一方、和の法則は、集合の直和分解に関する定理であって、現にいまここにある集合をこう分けるとこうなる、というものである。一見すると、新たなものを創造しない働きのようだ。
ところが、実際は話は逆なのだ。和の法則の方が、創造的な働きをする。積の法則(順列・組合せ)を使って解ける問題に、わざと和の法則を適用する。すると、思いもかけぬ公式を得ることができる。
【例題】
1,2,3,4,5 の5つの数字から3つの数字を選ぶ方法は何通りか。---
(解) 答は$_{5}C_{3} =10$通りだ。
(別解) 全体を、選んだ3つの中で最も若い番号が「1であるもの」、「2であるもの」、「3であるもの」の3クラスに直和分解する。すると、
$ _{4}C_{2} + _{3}C_{2} + _{2}C_{2} =6+ 3 + 1 =10$通り。
結局、
$_{5}C_{3} = _{4}C_{2} + _{3}C_{2} + _{2}C_{2}$
が成り立つ。
この式を一般化すると
$_{n}C_{3} = _{n-1}C_{2} + _{n-2}C_{2} + \cdots + _{2}C_{2}$
という公式が誕生する。
さらに一般化すれば
$_{n}C_{r} = _{n-1}C_{r-1} + _{n-2}C_{r-1} + \cdots + _{r-1}C_{r-1}$
よって、上の例題の場合、
$_{4}C_{2} = _{3}C_{1} + _{2}C_{1} + _{1}C_{1} = 3+2+1 $
$_{3}C_{2} = _{2}C_{1} + _{1}C_{1} = 2+1 $
$_{2}C_{2} = _{1}C_{1} = 1$
となることから、これらを先の式に代入すると
$_{5}C_{3} = (3+2+1)+(2+1)+1 = 1 \times 3 + 2 \times 2 + 3 \times
1$
すなわち
$ _{5}C_{3} = \displaystyle \sum_{k=0}^{4} k(4-k) $
となる。
これもまた一般化すれば
$_{n}C_{3} = \displaystyle \sum_{k=0}^{n-1} k(n-1-k) $
という公式を得る。
(証明)
右辺$=\displaystyle \sum_{k=0}^{n-1} k(n-1-k) = (n-1) \displaystyle \sum_{k=0}^{n-1} k - \displaystyle \sum_{k=0}^{n-1} k^{2}$
$ = (n-1) \frac{n(n-1)}{2} - \frac{n(n-1)(2n-1)} {6} = \frac{n(n-1)(n-2)}{3!}=$左辺■
教科書によく出てくる例題を挙げておこう。
【例題】
集合の要素の個数を$n$とする。
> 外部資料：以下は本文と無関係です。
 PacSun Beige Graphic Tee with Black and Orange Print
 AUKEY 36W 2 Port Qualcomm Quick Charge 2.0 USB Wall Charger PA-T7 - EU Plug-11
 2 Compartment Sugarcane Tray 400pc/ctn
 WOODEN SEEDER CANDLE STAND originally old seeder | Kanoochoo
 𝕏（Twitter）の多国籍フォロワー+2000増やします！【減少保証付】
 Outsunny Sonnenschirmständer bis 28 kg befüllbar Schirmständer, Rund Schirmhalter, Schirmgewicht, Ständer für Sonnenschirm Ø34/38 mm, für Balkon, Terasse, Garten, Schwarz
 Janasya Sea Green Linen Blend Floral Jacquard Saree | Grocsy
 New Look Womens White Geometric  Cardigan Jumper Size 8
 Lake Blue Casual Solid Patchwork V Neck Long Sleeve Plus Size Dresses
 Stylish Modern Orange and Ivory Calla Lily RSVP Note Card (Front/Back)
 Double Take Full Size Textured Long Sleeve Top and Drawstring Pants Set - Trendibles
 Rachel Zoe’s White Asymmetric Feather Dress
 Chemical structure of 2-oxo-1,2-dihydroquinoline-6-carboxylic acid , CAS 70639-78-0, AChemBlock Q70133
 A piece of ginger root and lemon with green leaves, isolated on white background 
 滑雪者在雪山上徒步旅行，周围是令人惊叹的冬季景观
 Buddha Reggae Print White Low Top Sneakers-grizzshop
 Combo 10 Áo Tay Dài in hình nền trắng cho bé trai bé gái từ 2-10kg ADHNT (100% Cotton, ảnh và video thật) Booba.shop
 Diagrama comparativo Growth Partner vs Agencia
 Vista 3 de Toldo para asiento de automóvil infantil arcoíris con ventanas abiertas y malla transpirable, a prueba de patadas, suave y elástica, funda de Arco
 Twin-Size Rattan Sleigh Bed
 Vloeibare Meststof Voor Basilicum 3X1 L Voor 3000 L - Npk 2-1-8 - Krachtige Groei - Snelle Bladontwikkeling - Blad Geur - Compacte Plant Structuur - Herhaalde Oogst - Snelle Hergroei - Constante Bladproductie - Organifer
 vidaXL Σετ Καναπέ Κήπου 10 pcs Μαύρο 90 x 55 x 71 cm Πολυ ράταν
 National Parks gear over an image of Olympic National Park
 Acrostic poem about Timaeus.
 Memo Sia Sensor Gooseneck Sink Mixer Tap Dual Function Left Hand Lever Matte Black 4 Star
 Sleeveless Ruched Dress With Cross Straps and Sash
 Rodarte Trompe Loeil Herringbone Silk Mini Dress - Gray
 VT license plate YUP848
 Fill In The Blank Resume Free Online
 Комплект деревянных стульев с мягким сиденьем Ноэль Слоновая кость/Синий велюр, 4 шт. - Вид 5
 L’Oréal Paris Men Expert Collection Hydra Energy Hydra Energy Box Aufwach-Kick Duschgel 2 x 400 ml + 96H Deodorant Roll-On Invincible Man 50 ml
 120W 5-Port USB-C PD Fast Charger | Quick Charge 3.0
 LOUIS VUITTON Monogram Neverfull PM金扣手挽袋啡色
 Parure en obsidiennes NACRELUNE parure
この集合の部分集合は何個あるか。(部分集合全体の集合を元の集合のベキ集合という。)---
(解) $U =\{ a_{1}, a_{2}, \cdots, a_{n} \}$の各要素について、それが部分集合$A$に含まれるか含まれないかの2通りだから、全要素が含まれるか否かは、
$2 \times 2 \times \cdots \times 2 = 2^{n}$通り
の場合がある。したがって、部分集合はそれに対応して、$2^{n}$個ある。
(別解) 要素数が0個の部分集合(すなわち空集合)が$_{n}C_{0}=1$個、要素数が1個の部分集合(すなわち単位集合=シングルトン)が$_{n}C_{1}=n$個、要素数が2個の部分集合が$_{n}C_{2}=n(n-1)/2!$個、……、要素数が$n$個の部分集合(すなわち全体集合)が$_{n}C_{n}=1$個ある。これらを総計すれば、部分集合の個数は
$_{n}C_{0} + _{n}C_{1} + _{n}C_{2} + \cdots + _{n}C_{n}$個である。
上記のことから
$_{n}C_{0} + _{n}C_{1} + _{n}C_{2} + \cdots + _{n}C_{n} = 2^{n}$
という公式が得られる。もっとも二項定理を使えば
$(x+y)^{n} = _{n}C_{0}x^{n} + _{n}C_{1}x^{n-1}y + _{n}C_{2}x^{n-2}y^{2}
+ \cdots + _{n}C_{n}y^{n}$
だから、ここに$x=y=1$を代入することによっても証明できる。
このように和の法則と積の法則を両用することによって、役に立つのかどうかは分からないが、とにかく公式がワンサカ出てくる。